The FCAT is an ever moving target

From the Sun Sentinel

by Allison Ross

Florida's writing FCAT keeps undergoing changes. In the past seven years, the exam has had five major makeovers.

In 2006, state education officials stitched on a multiple-choice section, only to lop it off in 2009.

In 2010, they put it back to 3; in 2011, they boosted it to 4.

Despite those changes, the writing Florida Comprehensive Assessment Test will look different again this year.

And this year's changes will not be the last, with the state moving to adopt new national Common Core State Standards. By 2014-15, all students in Florida will be taking new tests under these core standards instead of the current math and English exams.

The saga of Florida's writing FCAT exemplifies the transient targets set by Florida's high-stakes standardized tests. The multitude of changes — made to nearly every major state assessment — has at times made valid year-to-year comparisons nearly impossible.

"It's hard to make informed decisions about how you're doing when you're changing the criteria for scoring," said Marc Baron, the Palm Beach County School District's chief of performance accountability.

For instance, in 2010 the state had a record number of A-rated and B-rated high schools. In Palm Beach County, 86 percent of high schools earned A's or B's, compared with 52 percent the previous year.

But later, an analysis by The Palm Beach Post found that the year-to-year jump was the result of state changes in how high schools were graded, not because the students at those schools did considerably better.
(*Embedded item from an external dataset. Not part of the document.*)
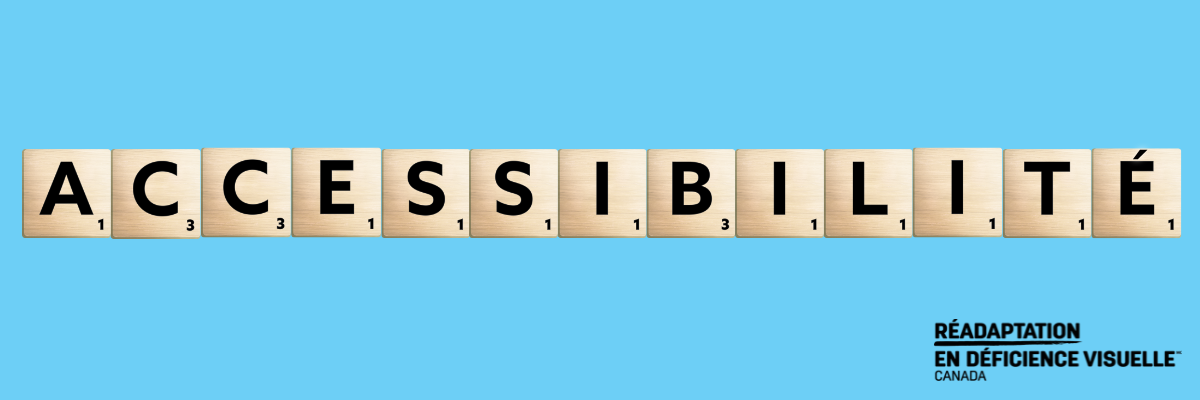 Le mot « Accessibilité » est épelé à l'aide de lettres de Scrabble sur un fond bleu, avec le logo RDVC en bas à droite.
The Post's analysis discovered that, had the state used the previous year's grading formula, most of that jump would not have happened.

"With an ever-changing test, just like ever-changing criteria for school grades, the year-to-year trends become less meaningful," said Robert Schaeffer, public education director for FairTest: The National Center for Fair and Open Testing in Massachusetts. "It becomes very hard to do trend analysis because the test has changed so much over time."
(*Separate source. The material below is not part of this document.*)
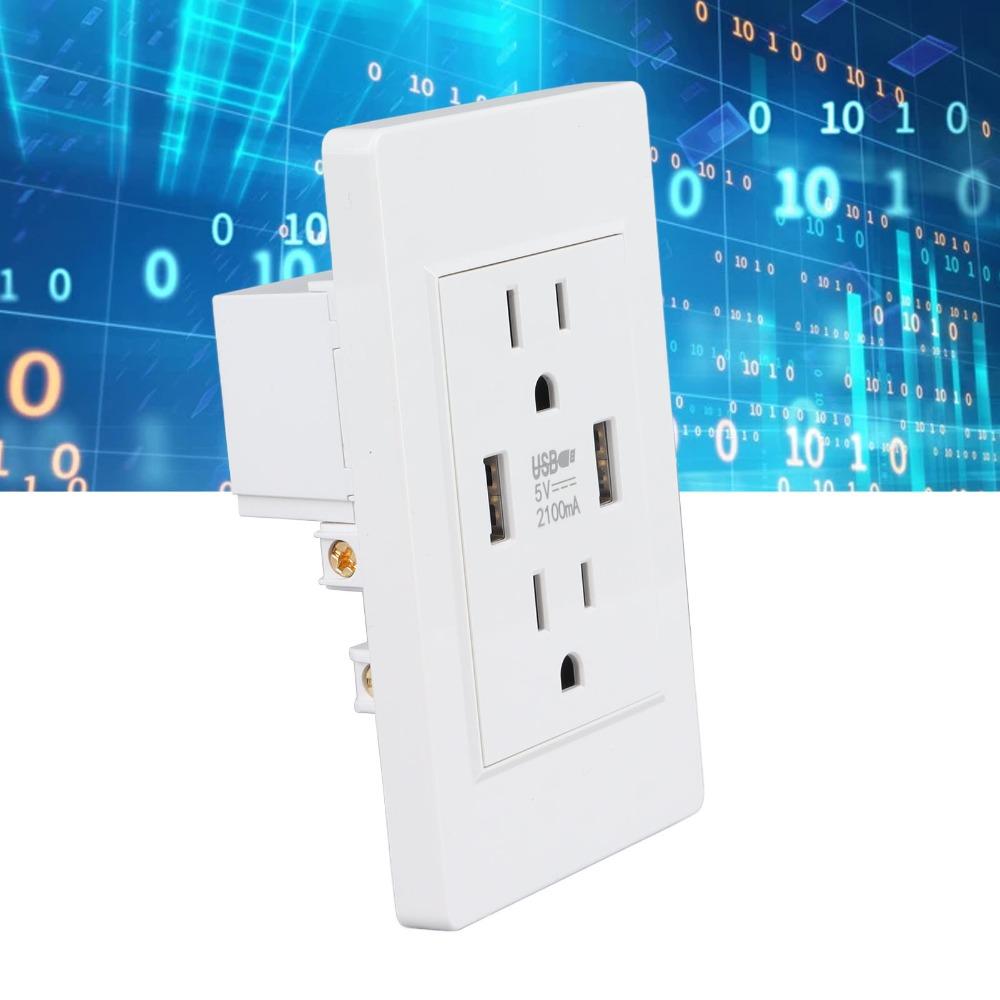 10A USB Wall Outlet White AC USB Outlet Durable Charging Power Outlet Home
Florida's grading scale has changed most years since the test was put in place in the late 1990s, said Sherman Dorn, a professor of education at the University of South Florida. That's not a rare occurrence for high-stakes tests nationwide, he added.

"But are there problems with comparability?" he said. "Yeah. In some ways, it's the nature of the beast."

Dorn and others who study testing say that assessment systems usually change over time in an effort to make them more rigorous or comprehensive — or sometimes because of shifting political pressures, including budget concerns.

Before Florida's high school grading formula changed, Dorn said, "superintendents had been griping for years that their high schools couldn't get good grades." He suggested that the formula change was due at least in part to political pressure.

Kris Ellington, assistant deputy commissioner of the Florida Department of Education, said changes to the state's standardized tests and school-scoring system are intended to improve them and to help students become more college- and career-ready.

The state works hard to create ways to compare tests year to year despite changes, Ellington said.

"There are measurements, procedures for linking two tests," Ellington said. "While it's not as clean as having the same test year after year, there are ways to connect and continue to analyze our progress on student learning."

For instance, when the state switched some of its FCATs to a new, harder FCAT 2.0 last year, it reported the scores of the new tests on the old FCAT scale as FCAT-equivalent scores. The reason was to make the scores more comparable year over year.

But it wasn't a completely clean transition. The state warned at the time that comparisons between scores on the FCAT 2.0 and the previous year's FCATs "should be made with caution."

There were similar issues in 2010, when the state made changes to the writing FCAT because of budget cuts. Then-Education Commissioner Eric Smith called it a "stand-alone" year for the test because the changes had rendered comparisons to previous years difficult.

The Palm Beach County School District's accountability office has had many discussions about how to look at achievement and growth when the scoring or the test changes from year to year, Baron said. In the end, though, it's the final score that matters for schools and for students, he said.

Schools that receive an A or improve at least one letter grade from the previous year are eligible to earn an additional $70 per student, while schools that do poorly are subject to sanctions and state intervention.

"If you're keeping track of the number of A's, the number of B's, the number of C's, that's not comparable from year to year," Baron said. "But the rules are the rules, whether you footnote them or not.